**TASK TO CARRY OUT:**
Every entry below should be reproduced exactly, with all pictures left out.

── DATA UNDER STUDY

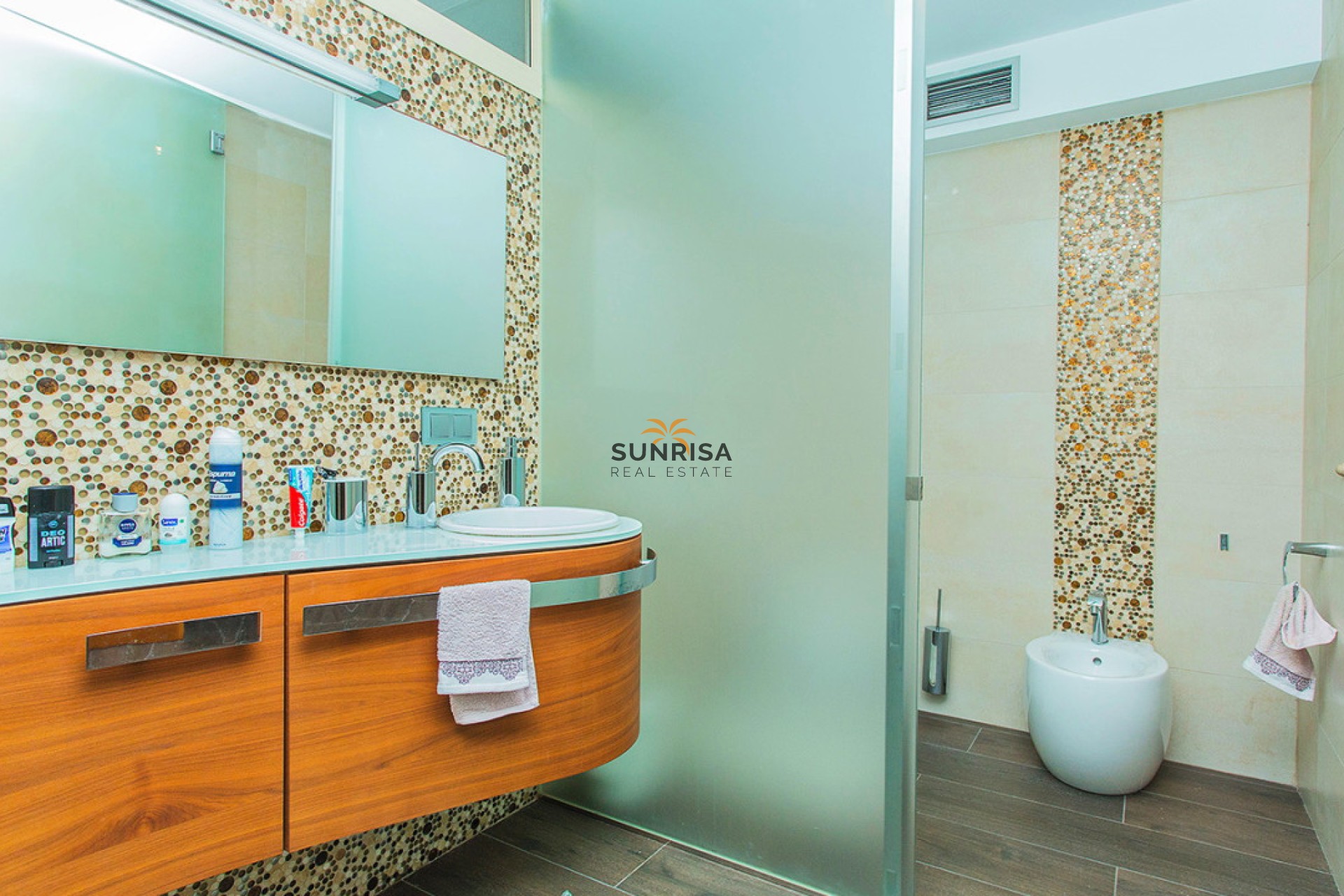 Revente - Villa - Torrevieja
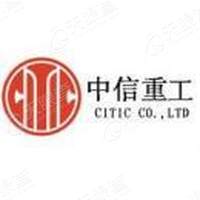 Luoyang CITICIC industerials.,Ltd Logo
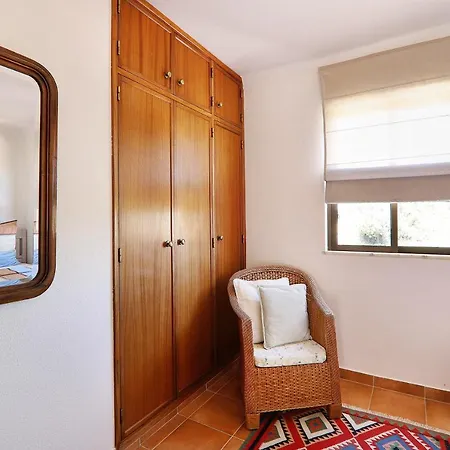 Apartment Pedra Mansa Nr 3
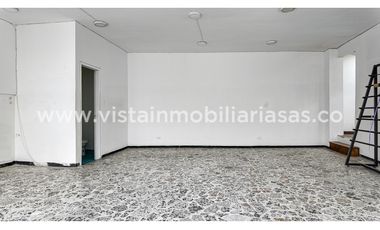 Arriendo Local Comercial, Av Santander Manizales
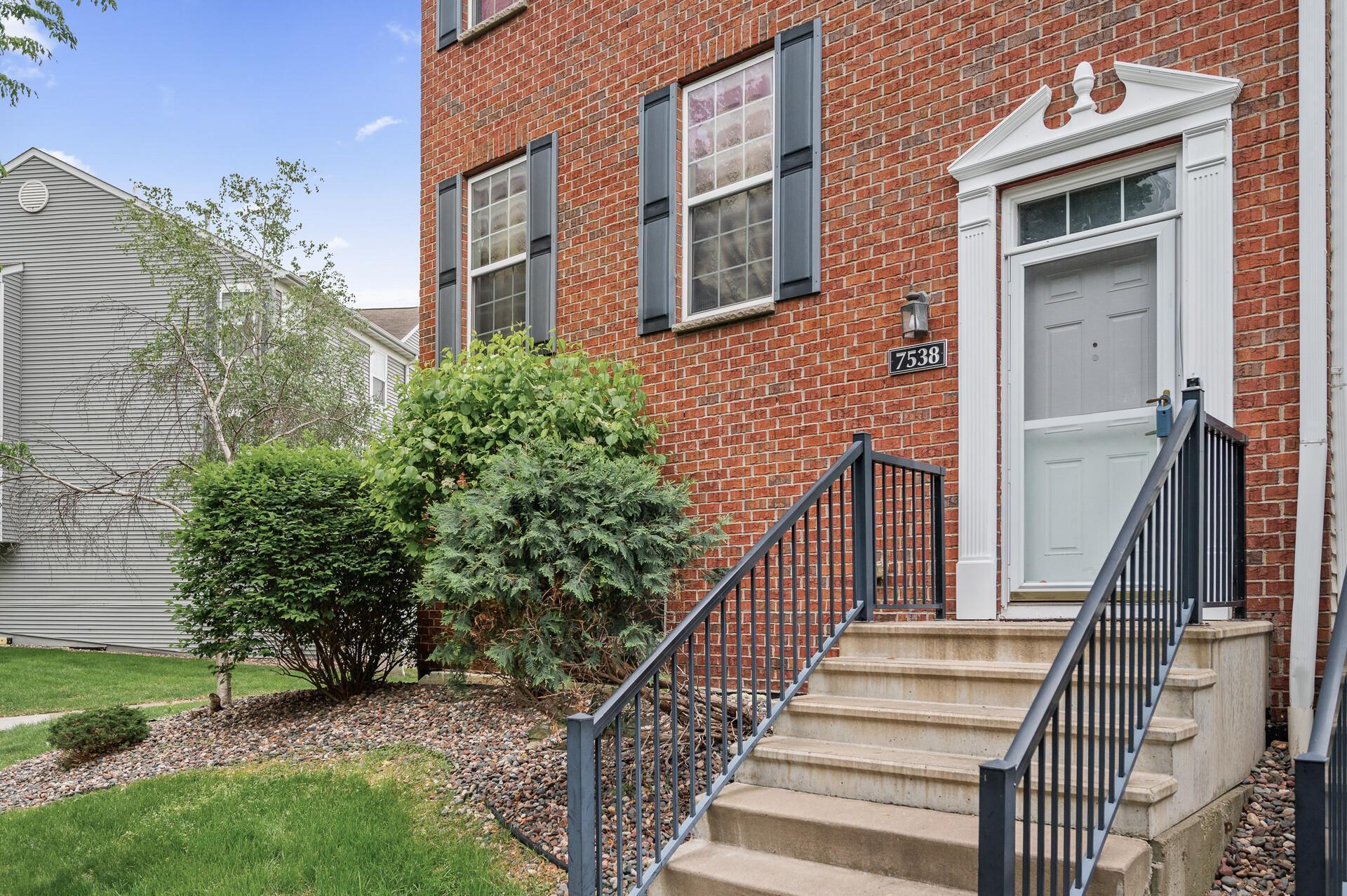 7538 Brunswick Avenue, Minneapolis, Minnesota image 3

────

**SOLUTION FOR THIS TASK:**
 Revente - Villa - Torrevieja
 Luoyang CITICIC industerials.,Ltd Logo
 Apartment Pedra Mansa Nr 3
 Arriendo Local Comercial, Av Santander Manizales
 7538 Brunswick Avenue, Minneapolis, Minnesota image 3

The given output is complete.